WHEN he was interviewed a few months before his death at the age of 92 in 2018, nurseryman David Austin, dubbed the ‘Father of English Roses’, marvelled at his fortune in having ‘been able to make a life out of breeding roses’.
The son of a Shropshire farmer, he had already developed an interest in the subject by the time he was old enough to begin working at the family farm in Albrighton. His great love, however, was the charm and fragrance of old types of rose, so, at a time when the solid, all-purpose, Hybrid Teas were everywhere, he set about breeding new types that combined the rosette-shaped elegance and scents of old roses with the diversity of colour and repeat-flowering characteristics of the Hybrid Teas.

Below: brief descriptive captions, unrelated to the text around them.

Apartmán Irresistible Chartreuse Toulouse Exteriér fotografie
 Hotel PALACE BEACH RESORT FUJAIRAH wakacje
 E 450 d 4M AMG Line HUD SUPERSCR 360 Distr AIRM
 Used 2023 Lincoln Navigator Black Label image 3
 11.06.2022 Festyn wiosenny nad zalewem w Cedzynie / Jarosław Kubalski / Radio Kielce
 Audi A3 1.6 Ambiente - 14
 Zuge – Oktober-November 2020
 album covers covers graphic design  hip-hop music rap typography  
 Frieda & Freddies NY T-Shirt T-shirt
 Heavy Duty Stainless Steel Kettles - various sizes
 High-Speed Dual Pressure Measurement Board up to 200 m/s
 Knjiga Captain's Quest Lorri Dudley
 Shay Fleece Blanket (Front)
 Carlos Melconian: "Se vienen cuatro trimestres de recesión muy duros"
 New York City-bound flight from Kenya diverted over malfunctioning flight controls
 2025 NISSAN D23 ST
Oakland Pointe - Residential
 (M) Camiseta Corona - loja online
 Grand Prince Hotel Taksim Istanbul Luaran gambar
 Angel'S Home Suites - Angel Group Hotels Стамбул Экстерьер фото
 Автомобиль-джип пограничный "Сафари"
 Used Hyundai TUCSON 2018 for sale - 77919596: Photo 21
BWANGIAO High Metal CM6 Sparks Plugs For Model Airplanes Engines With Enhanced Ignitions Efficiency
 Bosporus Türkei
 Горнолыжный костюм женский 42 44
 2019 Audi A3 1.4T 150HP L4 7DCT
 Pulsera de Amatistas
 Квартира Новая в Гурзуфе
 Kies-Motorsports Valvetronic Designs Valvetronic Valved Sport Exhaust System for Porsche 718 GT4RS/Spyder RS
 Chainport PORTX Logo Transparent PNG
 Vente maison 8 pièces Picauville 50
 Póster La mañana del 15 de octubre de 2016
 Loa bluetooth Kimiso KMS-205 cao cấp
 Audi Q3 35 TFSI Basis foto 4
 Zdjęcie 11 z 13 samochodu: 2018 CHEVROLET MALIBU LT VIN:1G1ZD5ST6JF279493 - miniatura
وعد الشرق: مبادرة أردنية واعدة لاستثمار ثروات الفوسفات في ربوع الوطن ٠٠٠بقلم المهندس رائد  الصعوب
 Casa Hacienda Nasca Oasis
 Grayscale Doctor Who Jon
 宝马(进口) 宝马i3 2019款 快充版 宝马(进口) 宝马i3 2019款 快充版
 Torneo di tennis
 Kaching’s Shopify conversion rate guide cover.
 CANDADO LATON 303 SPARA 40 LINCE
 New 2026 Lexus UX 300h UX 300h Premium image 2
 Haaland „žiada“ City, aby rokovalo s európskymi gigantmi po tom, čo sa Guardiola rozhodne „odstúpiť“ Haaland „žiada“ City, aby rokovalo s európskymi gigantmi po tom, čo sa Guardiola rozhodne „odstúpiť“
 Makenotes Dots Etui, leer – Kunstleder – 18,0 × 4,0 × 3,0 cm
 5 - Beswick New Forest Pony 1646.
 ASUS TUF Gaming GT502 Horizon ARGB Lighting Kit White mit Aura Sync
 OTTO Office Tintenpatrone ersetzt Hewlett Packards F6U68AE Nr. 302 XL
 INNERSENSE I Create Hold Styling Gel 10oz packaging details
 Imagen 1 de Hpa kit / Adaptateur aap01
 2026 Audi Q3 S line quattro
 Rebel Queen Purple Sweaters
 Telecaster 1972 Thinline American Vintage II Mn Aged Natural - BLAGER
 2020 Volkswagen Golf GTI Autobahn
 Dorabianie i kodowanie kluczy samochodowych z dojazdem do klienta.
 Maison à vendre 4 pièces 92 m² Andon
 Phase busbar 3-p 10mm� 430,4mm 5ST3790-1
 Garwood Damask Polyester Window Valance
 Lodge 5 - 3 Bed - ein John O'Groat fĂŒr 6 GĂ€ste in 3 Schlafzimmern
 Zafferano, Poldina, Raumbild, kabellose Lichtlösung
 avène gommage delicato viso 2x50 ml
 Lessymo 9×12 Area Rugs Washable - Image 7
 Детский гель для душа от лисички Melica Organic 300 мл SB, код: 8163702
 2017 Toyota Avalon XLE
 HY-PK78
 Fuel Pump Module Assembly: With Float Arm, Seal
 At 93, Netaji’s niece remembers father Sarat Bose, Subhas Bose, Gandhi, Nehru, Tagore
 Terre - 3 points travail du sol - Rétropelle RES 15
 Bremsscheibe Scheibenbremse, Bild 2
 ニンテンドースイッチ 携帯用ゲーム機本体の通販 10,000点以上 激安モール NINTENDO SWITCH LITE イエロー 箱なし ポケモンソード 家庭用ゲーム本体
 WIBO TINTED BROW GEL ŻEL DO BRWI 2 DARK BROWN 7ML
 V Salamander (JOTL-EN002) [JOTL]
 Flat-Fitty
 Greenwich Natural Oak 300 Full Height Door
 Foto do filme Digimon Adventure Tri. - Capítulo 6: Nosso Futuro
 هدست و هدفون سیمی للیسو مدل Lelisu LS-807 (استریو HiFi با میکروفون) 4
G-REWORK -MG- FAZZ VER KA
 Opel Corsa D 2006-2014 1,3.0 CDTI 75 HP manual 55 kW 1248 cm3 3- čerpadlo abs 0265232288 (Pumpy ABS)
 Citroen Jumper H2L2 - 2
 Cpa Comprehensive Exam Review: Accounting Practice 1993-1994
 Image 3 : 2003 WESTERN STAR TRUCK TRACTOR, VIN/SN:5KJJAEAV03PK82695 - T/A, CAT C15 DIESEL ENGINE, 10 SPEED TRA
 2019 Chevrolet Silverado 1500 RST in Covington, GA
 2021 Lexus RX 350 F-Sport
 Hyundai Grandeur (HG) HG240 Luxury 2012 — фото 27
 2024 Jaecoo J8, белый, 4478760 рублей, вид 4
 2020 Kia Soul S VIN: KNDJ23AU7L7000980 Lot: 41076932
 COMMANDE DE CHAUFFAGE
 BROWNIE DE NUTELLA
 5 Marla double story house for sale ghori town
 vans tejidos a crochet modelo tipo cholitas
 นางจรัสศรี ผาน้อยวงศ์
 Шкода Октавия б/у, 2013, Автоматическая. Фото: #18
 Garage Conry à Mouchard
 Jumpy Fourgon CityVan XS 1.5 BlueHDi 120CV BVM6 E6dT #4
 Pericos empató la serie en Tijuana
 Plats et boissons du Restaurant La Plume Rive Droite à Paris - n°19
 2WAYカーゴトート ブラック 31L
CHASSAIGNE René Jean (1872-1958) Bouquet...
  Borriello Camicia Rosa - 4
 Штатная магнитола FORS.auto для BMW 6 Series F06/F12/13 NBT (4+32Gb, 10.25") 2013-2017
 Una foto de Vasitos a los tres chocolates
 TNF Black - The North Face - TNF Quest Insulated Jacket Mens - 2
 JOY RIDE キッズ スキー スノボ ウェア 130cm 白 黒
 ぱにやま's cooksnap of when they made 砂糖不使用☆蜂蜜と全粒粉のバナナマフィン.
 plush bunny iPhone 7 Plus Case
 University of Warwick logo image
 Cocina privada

Across almost 60 years, Austin introduced more than 200 named English rose cultivars, but might be said to have reached the pinnacle of his ambition with the shrub rose cultivar Rosa ‘Gertrude Jekyll’, introduced in 1986. Its parents were Rosa ‘Wife of Bath’ crossed with Rosa ‘Comte de Chambord’. Coming some 15 years after he’d launched his first range of what he termed English Roses, his creation lived up to her name.
هذه القصة مأخوذة من طبعة June 16, 2021 من Country Life UK.
ابدأ النسخة التجريبية المجانية من Magzter GOLD لمدة 7 أيام للوصول إلى آلاف القصص المتميزة المنسقة وأكثر من 9,000 مجلة وصحيفة.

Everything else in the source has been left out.